Bis­her ist vom Stand der Ver­hand­lun­gen we­nig an die Öf­fent­lich­keit ge­langt. Dem Ver­neh­men nach wird über­legt, in­wie­weit die Ziel­grup­pe der Werk­stät­ten er­wei­tert wer­den kann. In ei­nem ers­ten Re­fe­ren­ten­ent­wurf ist da­von die Rede, dass die 90 Ab­ge­ord­ne­ten der FDP, die nach dem Aus­schei­den ih­rer Par­tei aus dem Bun­des­tag wie­der in das Ar­beits­le­ben ein­ge­glie­dert wer­den müs­sen, An­spruch auf Leis­tun­gen im Be­rufs­bil­dungs­be­reich ha­ben. Denk­bar wäre ein sol­cher An­spruch auch für ge­schei­ter­te Di­rekt­kan­di­da­ten des BSW. 

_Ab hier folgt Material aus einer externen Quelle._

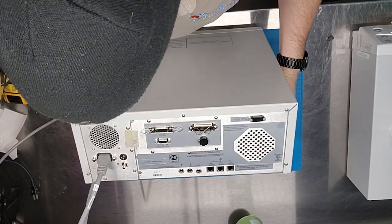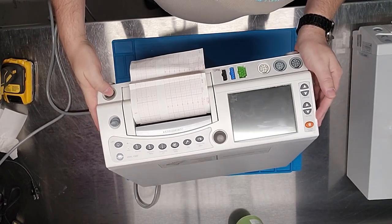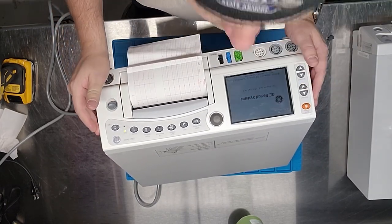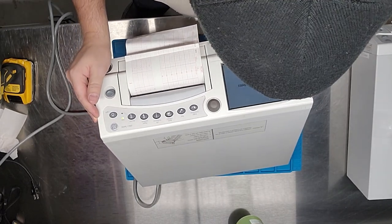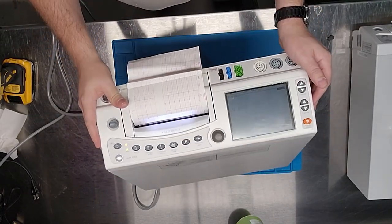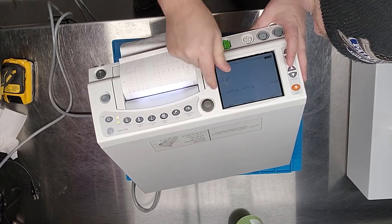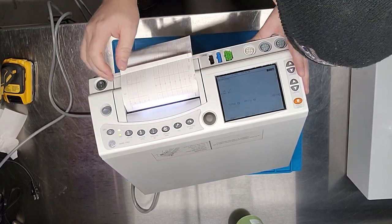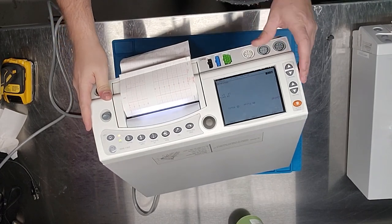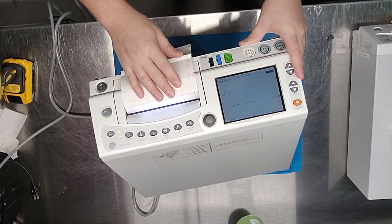Let's power it up. It tests the power supply first — amber, then green — and then we have the display. The core metrics display is a little dim; as they get older some backlights start to go out, making it harder to distinguish colors. Down here is the maternal ECG, and there's also fetal ECG which you can select. Once it boots up you can see the printer is moving, very slowly.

In ei­nem fol­gen­den Schritt sol­len dann auch wei­te­re Be­rufs­grup­pen in die Leis­tungs­be­rech­ti­gung von Werk­stät­ten auf­ge­nom­men wer­den, etwa ver­eins­lo­se Fuß­ball­pro­fis, in­sol­ven­te In­vest­ment­ban­ker oder Grund­schul­leh­rer mit Fehl­zei­ten von mehr als zwei Mo­na­ten pro Jahr.